John rubbed his eye. His fingers came away sticky and red. He took a deep breath, something he no longer needed to do. He looked at his wife with tears in his eyes. June’s ruined head bled where the bullet went into her temple and out the other side just below the ear. 

“I don’t know, ” he said and rubbed the side of his head. “I guess we’re … gone”

He took her hand again and they started up the road.


“Yes, June?”

“Where are we going?”

“Wherever you want.”

She nodded.


While at a show by one of our favorite local artists who was flying solo that night, Jeff Pitts played a cover of The Way by Fastball. I always liked the song, but for some reason, it hit me differently that night. 

In my mind, I saw an elderly couple walking down a road that was crumbling blacktop. They held hands like old lovers. It was a sweet image, but it was also sad. You see, in the image there were no shadows cast by their bodies. They were ghosts, which meant neither of them were alive. 

My mind started adding little details to the image. The woman had a vacant stare, the man was terribly sad. It dawned on me then that he had killed his wife, then killed himself. However, this wasn’t a crime of anger or hate or even just being tired of being married. It was a moment of mercy for the woman and an instant of sad resolve for the man. 

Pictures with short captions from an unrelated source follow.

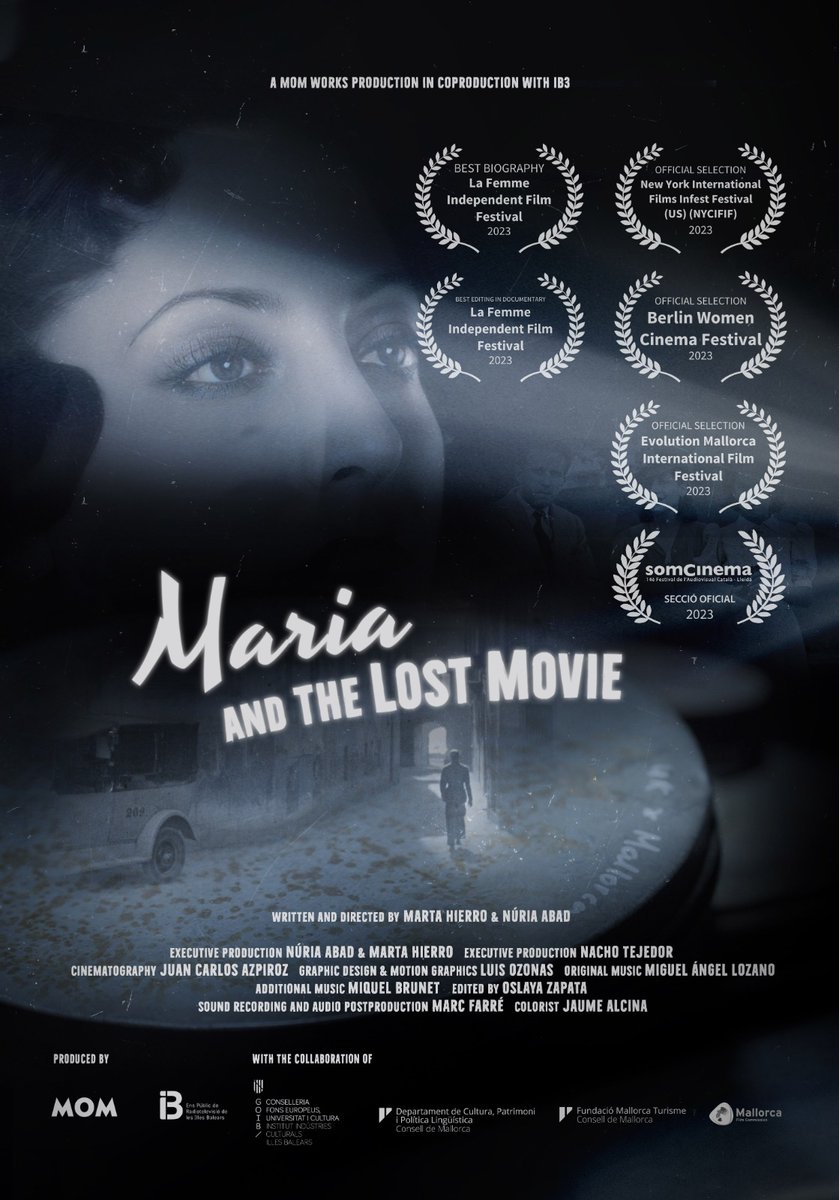 🏆 Molt contentes del triple reconeixement de La Femme Independent Film Festival a la nostra feina!

🎞 "Maria i la pel·lícula oblidada", 

millor biografia i millor edició de documental

🎞 "Maria i el Myotragus", millor animació

<a href="/IB3/">IB3</a> <a href="/ICIB_Cultura/">ICIB</a>
<a href="/FECYT_Ciencia/">FECYT</a> <a href="/ConselldeMca/">Consell de Mallorca</a>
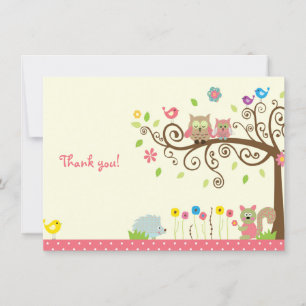 Tarjeta De Agradecimiento Chica de Lechuza Rosa Cute Baby Shower Gracias Car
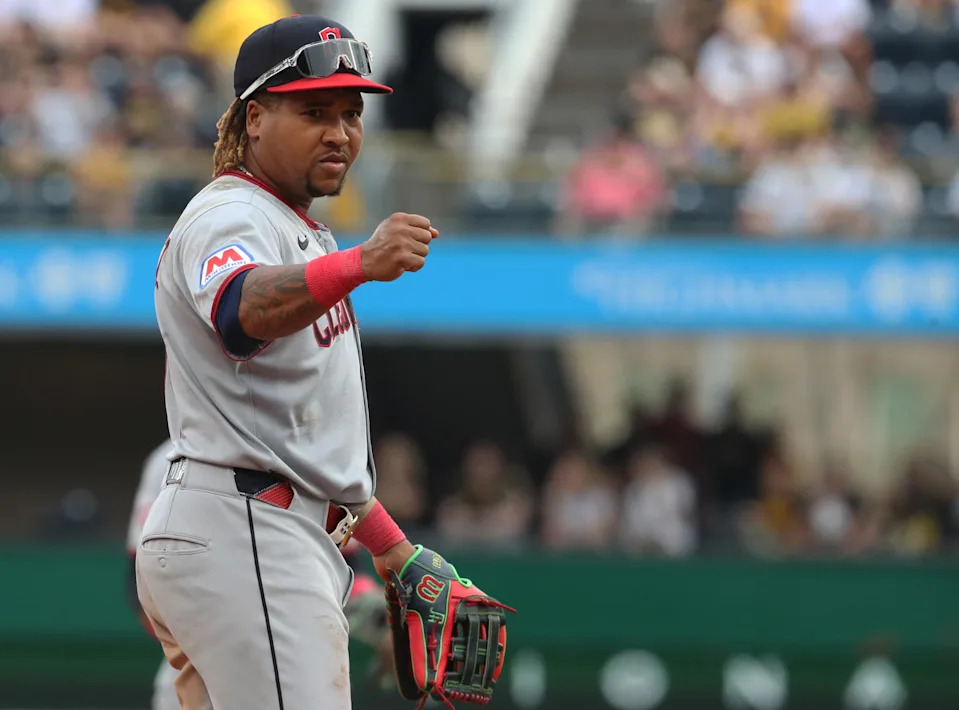 Apr 19, 2025; Pittsburgh, Pennsylvania, USA; Cleveland Guardians third baseman Jose Ramirez (11) gestures an out call to the Pittsburgh Pirates bench during the ninth inning at PNC Park. Mandatory Credit: Charles LeClaire-Imagn Images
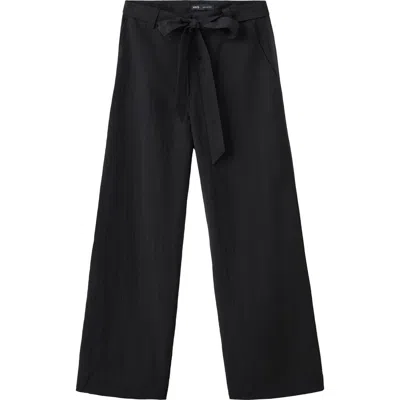 Mango Pantalon Espresso Belted Straight Leg Pants In Black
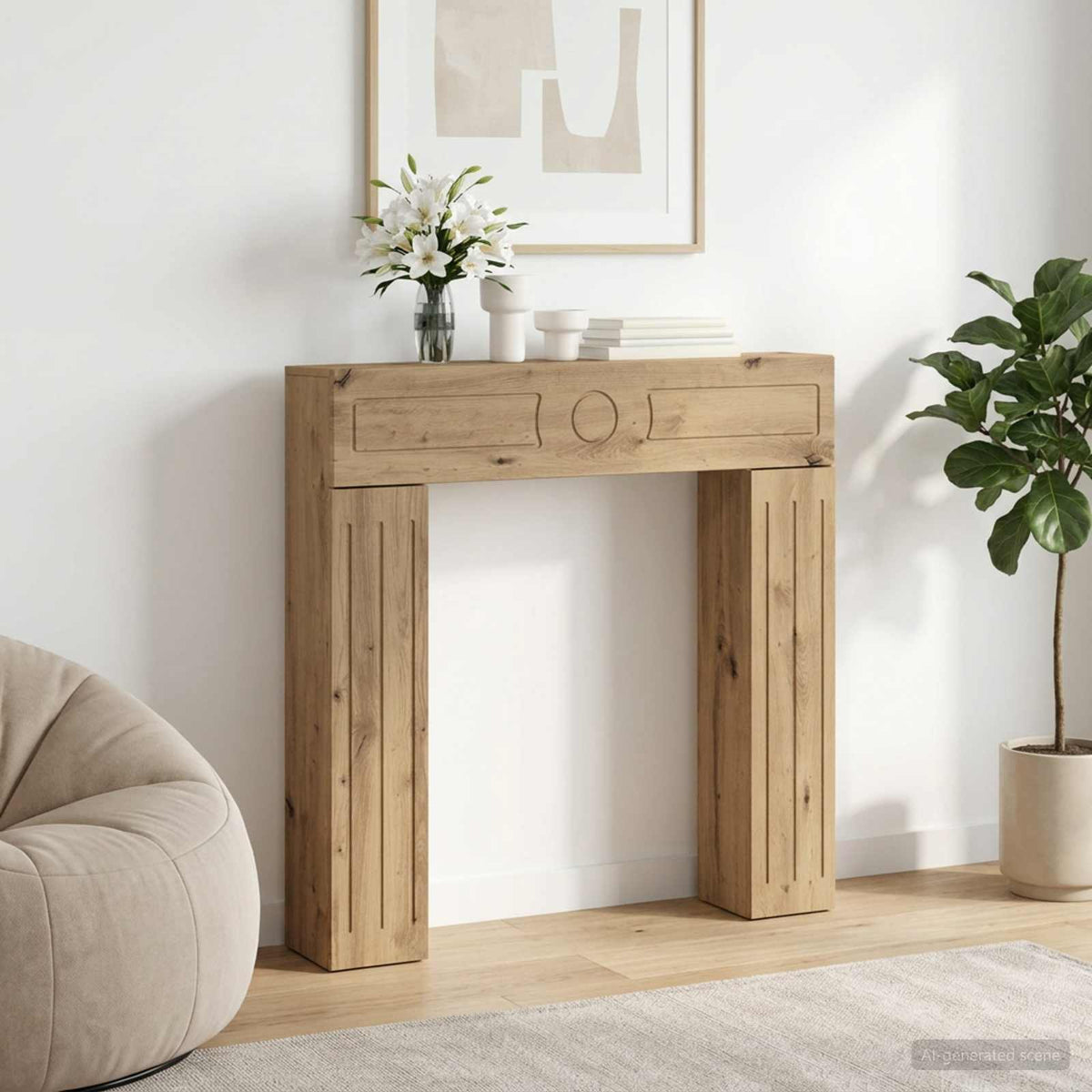Haardomlijsting Artisanaal eiken 102 x 18 x 100,5 cm is nu te koop bij PeponiXL, paradijselijk wonen!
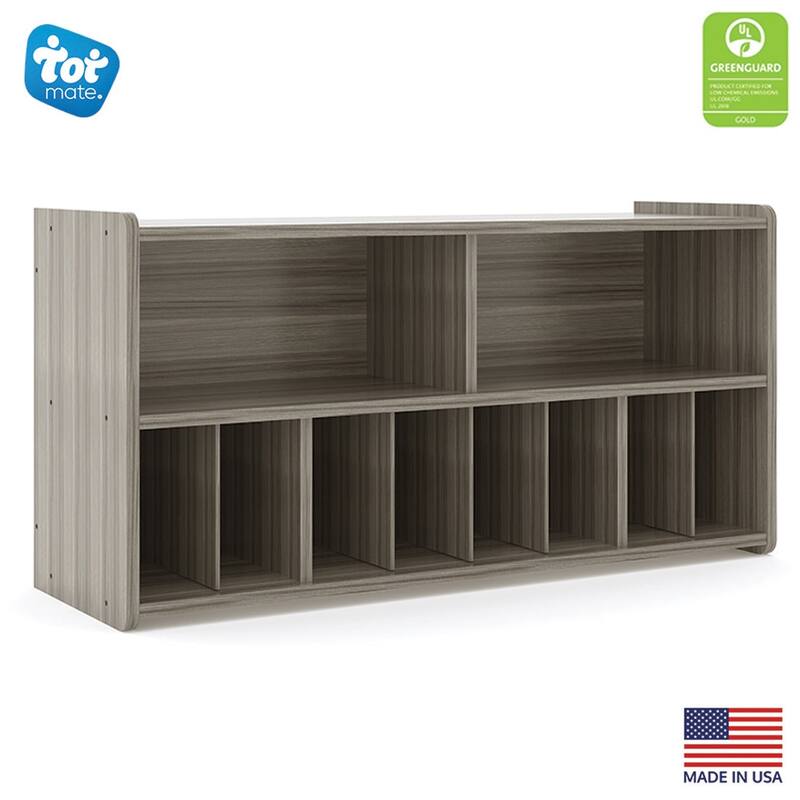 Tot Mate Nursery Daycare Kids Diaper Wall Storage, 46" W x 15" D x 23.5" H - Shadow Elm Gray - Assembled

I made a couple of notes on my phone about the song, some of the lyrics and the story I thought of. Then I looked up the song to find out what it was really about. Turns out, it’s based on the true events of an elderly couple who took a drive and never came home. She had Alzheimer’s and he recently had brian surgery. They were later found 400 or so miles from home in their car where they wrecked. Neither had survived the accident. 

I debated writing the story after learning the inspiration for the song. In the end, the day after hearing The Way played by Jeff Pitts, I sat at my kitchen table, phone in my hand, typing the story into a notes program as Fastball’s version played on a loop in my earbuds.